Commercial Real Estate bouncing into 2013

Bill Bowen
News Editor

If the economy is stuck in neutral, somebody better tell the developers of the nine or more
apartment projects within the shadow of downtown Fort Worth.

Or the owners of Ritchie Brothers Auction, where the sale last week of $44 million in used
construction and other heavy equipment set records on March 5-6, as did the number of registered
bidders, more than 3,900, and the number of online bidders, 2,300.

Or the people at the Tarrant Appraisal District, where an increase of $879 million in commercial
real estate values will soon be reflected in tax notices sent to the owners and operators of North
Texas’ offices, shopping centers, factories, hotels, restaurants and apartment and townhome
developments.

Of that $879.2 million in new value, $419.8 million is in multifamily developments, up 11.5 percent
in the sector that benefited from single-family foreclosures and already a perennial performer in
the Dallas-Fort Worth development market.

Much of that development is new construction. Last year in Tarrant County, developers delivered
1,841 new apartment units. This year they are expected to complete 2,350, according to figures
from MPF Research.

Besides pure demand are certain investors looking to put their money into solid assets because of
paltry returns on treasury notes. Tax exempt bonds and other tax-favored holdings are producing
low yields right now. So the already warm apartment market is offering returns from 100 to 400
basis points higher.

“What’s happened is that, in the very large big picture sense, when treasury rates are low, they
need to find a place to put money that is safe, but at the same time provides more than a 1-
percent return,” said Amish Gupta, chief operating officer for RETC, a real estate tax consultancy
with offices in Fort Worth, Dallas, Austin, San Antonio and Houston.

Gupta said that the increase in values has his office braced for rush of property owners wanting to
protest the valuations.

The economy and job growth continue to improve and the new apartment units expected to hit
Fort Worth this year and next are expected to be absorbed fairly readily, although perhaps more
slowly in 2014, depending on a host of other economic factors.

The projects, in various stages of construction, are rising along W. Seventh Street, including West
7th, Phase III and Museum Place, along with other projects in the Near Southside and along
Samuels Avenue just north of downtown.

But the market for occupants is holding fairly steady, especially in central Fort Worth, where
occupancy is near 94 percent and average rent is at $1,667 in fourth-quarter 2012, up $137
dollars from fourth quarter 2010, according to figures from the North Texas Real Estate
Information System compiled by Downtown Fort Worth Inc.
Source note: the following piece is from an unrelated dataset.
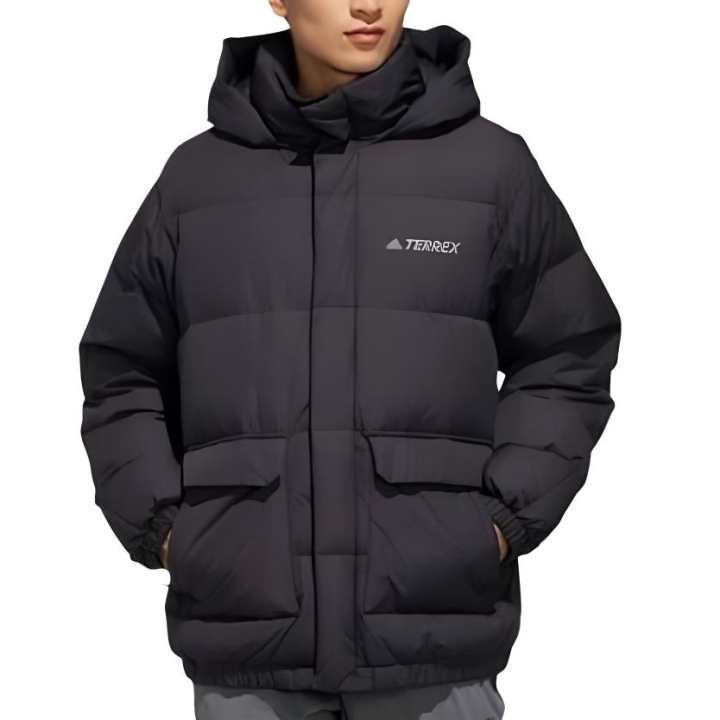 Adidas Adidas Terre Jackets & Coats Men's Black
Values of retail properties are also up 5.4 percent, according to the Tarrant Appraisal District. But
that may be more from increased leasing activity rather than new construction.

“I’m seeing more (leasing) activity now than I’ve seen in several years,” said Jon McDaniel, retail
specialist at NAI Robert Lynn commercial real estate services who handles leasing for about 45
properties, mostly in Tarrant County. “I have deals working on just about every property I have.”

McDaniels said that North Richland Hills, Mansfield, Watauga, Keller and North Fort Worth have
resurged in the past year and have projects in the works, as does north Arlington. That doesn’t
include the Renaissance Center, a power-store anchored center now under construction at the
corner of East Berry Street and U.S. 287.

“Retail properties that we have that have had vacancies for some time are starting to have a lot of
activity,” McDaniel said.

All of that is good news stacked upon last year’s advances. Total North Texas construction
contracts were up 19 percent for the region in all of 2012 with contracts totaling $9.06 billion.
Statewide, Texas enjoyed a growth rate of 10 percent in total construction of $45.78 billion.